Thomas C. Wales versus Joseph Alden et al. Principals, and John H. Rogers, Trustee.
    Where a citizen of another ^tate executed therein an assignment of his goods there situated, to a citizen of this State, in trust for the payment of his creditors, most of whom lived in such other State, to which assignment the creditors were not parties, but which nevertheless, by the law of such other State, was a valid assignment, and the goods were never brought into this State, it was held, that the assignee was not liable to be charged here for the goods, on a trustee process sued out by one of the creditors, a citizen of this State.
    By the answers of Rogers it appeared, that he and the plaintiff were citizens of Massachusetts, and that the defendants were citizens of New York ; that the defendants made to the respondent an assignment of certain goods and choses in action, in trust for the payment of their creditors, most of whom lived in New York ; that the indenture was executed in the city of New York, on the 2d of May, 1836 ; that it was executed by the defendants, and the respondent, and, as the respondent believed, by certain creditors, namely, Russell & Bucknam, and Cheever Newhall & Co., before the 9th of May, the day when the plaintiff’s writ was served upon the respondent; that all the goods were sold by the respondent at New York, on the 19th of May, to one Kimball, who gave his negotiable notes therefor ; that the net amount of the sales of the goods, when collected, will be more than enough to satisfy the claims of the parties who had executed the indenture prior to the service of the writ, but that it will not be enough to satisfy, in addition, the claims of the creditors who before that time verbally assented, as the respondent supposed, to the assignment; and that at the time of the service of the writ, the respondent had not in his hands and possession, any goods, effects or credits of the principal defendants, except the goods and choses in action assigned to him by the indenture, and which were never removed by him into this State, and that he had not then collected any of the choses in action assigned.
    The indenture purported to be made between the debtors, of the first part, and Rogers of the second part.
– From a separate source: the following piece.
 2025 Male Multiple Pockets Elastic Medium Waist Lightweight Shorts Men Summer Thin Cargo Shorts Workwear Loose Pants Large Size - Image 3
It also contained a clause by which the creditors who should sign and seal the instrument would release their demands. The debts due to one class of creditors were to be paid in full, before an7 Part fun4 should be applied to the payment of an other class.
    
      March 15th.
    
    
      Ellis G. Boring, for the plaintiff.
    Personal property has no situs, and when the respondent came from New York into this State the law supposes that the assigned property followed his person ; so that the surplus not required to satisfy the claims of the creditors who executed the assignment, was liable to attachment by this trustee process. Ward v. Lamson, 6 Pick. 359. Assuming the assignment to be valid in New York without the assent of the creditors, the law of that State will determine the construction of the contract, and the rights of the parties under it, but not the remedy, and this is a case of remedy. Milne v. Moreton, 6 Binney, 360 ; Andrews v. Herriot, 4 Cowen, 510; Fall River Iron Works v. Croade & Tr. 15 Pick. 17, 18 ; Russell v. Woodward, 10 Pick. 413. The law of New York will not be applied, to the injury of our own citizens, who have a right to secure their demands by attachment on mesne process. Braynard v. Marshall, 8 Pick. 194 ; Burlock v. Taylor, 16 Pick. 335 ; Ingraham v. Geyer, 13 Mass. R 146 ; Fox v. Adams, 5 Greenleaf, 245 ; Osborn v. Adams, 18 Pick. ; Rogers v. Allen, 3 Ohio R. 489 ; Olivier v. Townes, 14 Martin, 93. The case of Fall River on Works v. Croade & Tr. 15 Pick. 11, is decisive of the one now before the Court. A compulsory payment here by the respondent will protect him in New York. Holmes v. Remsen, 20 Johns. 268.
    
      Parsons and Stearns, for the respondent.
    The assignment was valid by the law of New York. Nicoll v. Mumford, 4 Johns. Ch. R. 529 ; Brooks v. Marbury, 11 Wheat. 78 ; Cunningham v. Freeborn, 11 Wendell, 240; 2 Kent, (3d edit.) 532, 533, and note a. The respondent discloses goods in another State, which he is bound to apply in accordance with the trust created by the assignment, and if he had attempted to bring them here for a different purpose, he could have been restrained by process of law. Under such circumstances the goods had a situs, and were not liable here to an attachment under the trustee process. Whipple v. Thayer, 16 Pick. 25 ; Daniels v. Willard, 16 Pick. 36 ; Burlock v. Taylor, 16 Pick. 335 ; 2 Kent, (3d edit.) 457 ; Story on Confl. of Laws, 469 ; O'Callaghan v. Thomond, 3 Taunt. 82.
   Shaw C. J.

afterward drew up the opinion of the Court. The facts of the present case differ in some respects, from any which have heretofore come before the Court, and we think it must be decided upon its own peculiar circumstances. The question is, whether Rogers is chargeable as trustee. It appears by his answer, that he was not indebted to the principal, that he had no goods or effects of his, except under the trust assignment therein disclosed. By that it appears, that the trustee, an inhabitant of Boston, being in New York, an assignment of goods and dioses in action was made to him in trust for the benefit of the creditors of the assignors, who were inhabitants of New York, as were most of the creditors, but that the creditors did not become parties to the assignment.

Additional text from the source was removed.